Orban along with sophomore Zach Currier (6 goals, 4 assists), seniors Will Rotatori (5 goals, 1 assist) and Will Himler (1 goal) will be counted on for scoring in the midfield.
“Kip will draw the pole, he is athletic and has prepared so well,” said Bates of the 6’2, 200-pound Orban.
“Zach Currier is going to make an impact. He was coming on at the end of last season. He did well in the fall and has been stellar. Rotatori and Himler are two seniors, they have experience playing in the system. We are going to mix and match with midfield and attack.”
As shortstick midfield, junior Austin deButts could emerge as a standout.
“He has been very good, he played behind three seniors last year but did well whenever he got on the field,” said Bates, who will also look at a trio of freshmen: Austin Sims, Sam Bonafede, and J.T. Caputo in that spot.
“He is not the biggest or fastest but has a good lax brain. Sims is a heralded, athletic kid, he will log minutes. Bonafede and Caputo are both athletic and tough.”
In Bates’ view, the addition of new assistant coach Dylan Sheridan, who worked with former Princeton head coach Bill Tierney in Denver, should help the Tiger defense be tougher.
“Dylan is a very good teacher of defense, this is the third defensive coordinator in three years but upperclassmen understand the system,” said Bates.
“It is the tried and true Coach Tierney Princeton defense. The older guys know the basic tenets. The guys have adapted well. It is a more experienced team. Last year we had a first year defensive coordinator with a lot of inexperienced guys and that was tough.”
The Tigers are more battle-tested at the defensive end, as key performers sophomore Will Reynolds, sophomore Sam Gravitte, junior Mark Strabo, and sophomore Bear Goldstein all saw plenty of time last spring.
“Will Reynolds will be at longstick midfielder,” said Bates. “Dylan suggested that; we think he will blossom there with his stickwork and athleticism. He is a prime time athlete. Sam Gravitte will back him up, he played well last year. Mark Strabo is back on close defense, he is a good on-ball defender. He and Bear Goldstein are bookends and both tough cover guys. The third spot is up for grabs.”
At goalie, the Tigers will be going with senior Eric Sanschagrin (10.47 goals against, .533 save percentage in 2014) as the starter at the outset.
“It is Eric’s job and he will get every opportunity to keep it,” asserted Bates.
“We think he is well suited to play 60 minutes. Matt O’Connor (10.91 goals against, .464 save percentage) has experience. The freshman (Tyler Blaisdell) is good and is nipping at their heels. Everyone has settled into their roles. The team is comfortable with Eric back there.”

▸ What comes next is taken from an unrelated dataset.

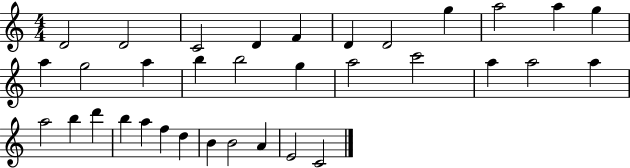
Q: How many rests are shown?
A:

The Tigers are comfortable coming into the season under the radar, not being ranked in the preseason Top 20.
“The vibe and chemistry feel good,” said Bates. “We have evolved, it is a good group that is definitely hungry. They look around and see the publicity that everybody has gotten and they are OK with that. There is a ton of work to do. At Princeton, we set a compass of Ivy playoffs and beyond.”
In Bates’ view, his team must work smarter at the offensive end of the field to have a big season.

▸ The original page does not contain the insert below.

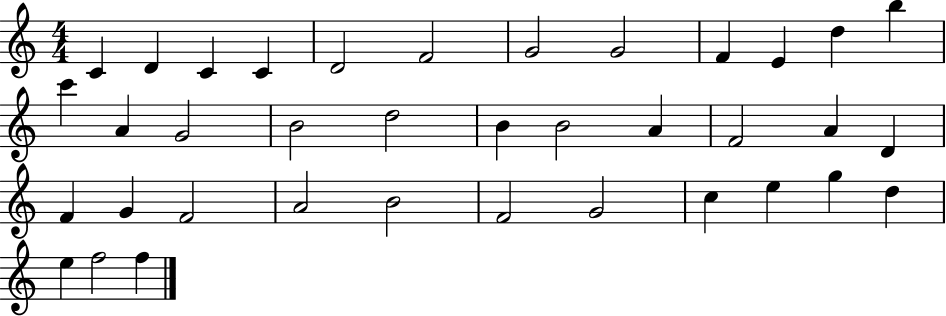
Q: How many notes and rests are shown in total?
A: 37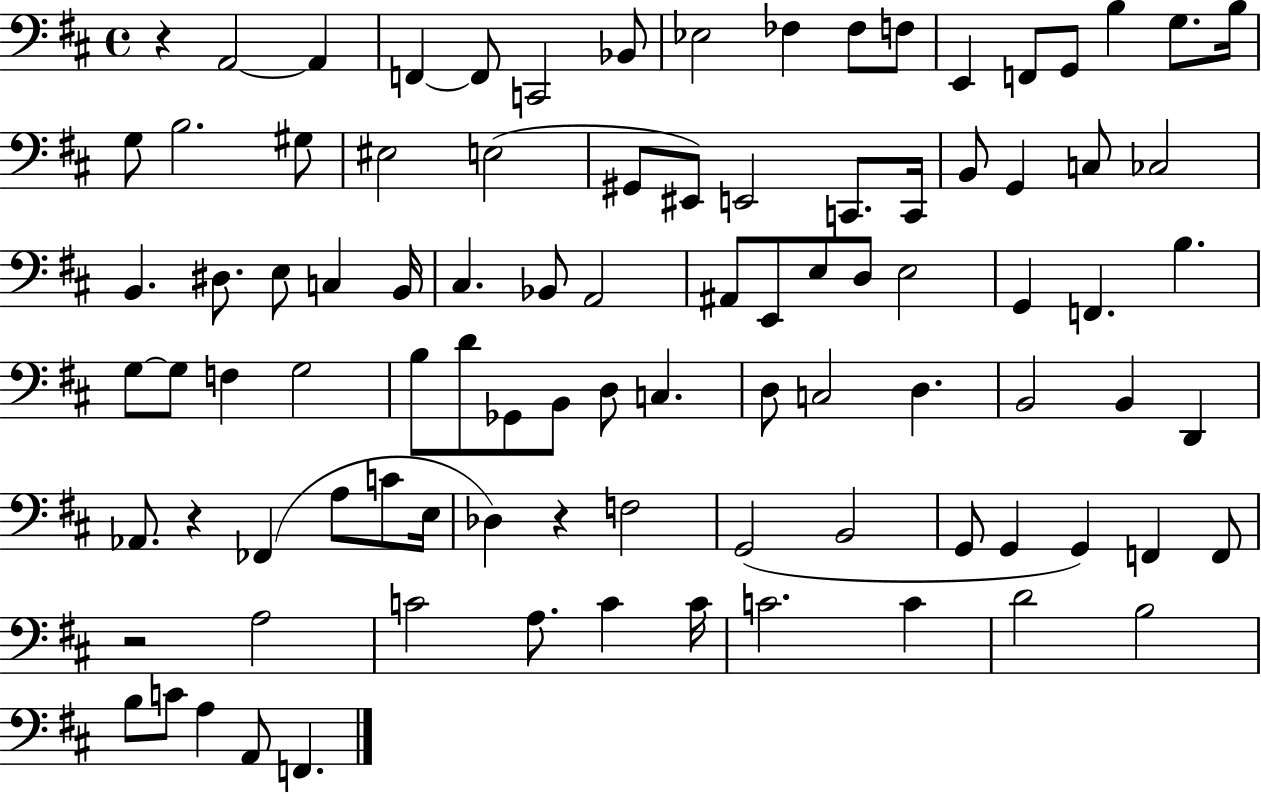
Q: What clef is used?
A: bass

“We need to manage the game offensively, we have shifted how we play,” said Bates. “We need to grind it out more. We have to realize on the offensive end that we are also playing for defense and the whole team. We could pressure you immediately on a possession but that became counterproductive at times.”
Looking ahead to the opener this Saturday against Manhattan (0-1), Bates is anxious to see how the shift in focus plays out.
“It is a week early for us, we just started preseason on February 1 so there are only two weeks to prepare,” said Bates. “The focus is on us and playing our own game. We have to figure ourselves out. We have questions about our rotation and we have to figure out who we are.”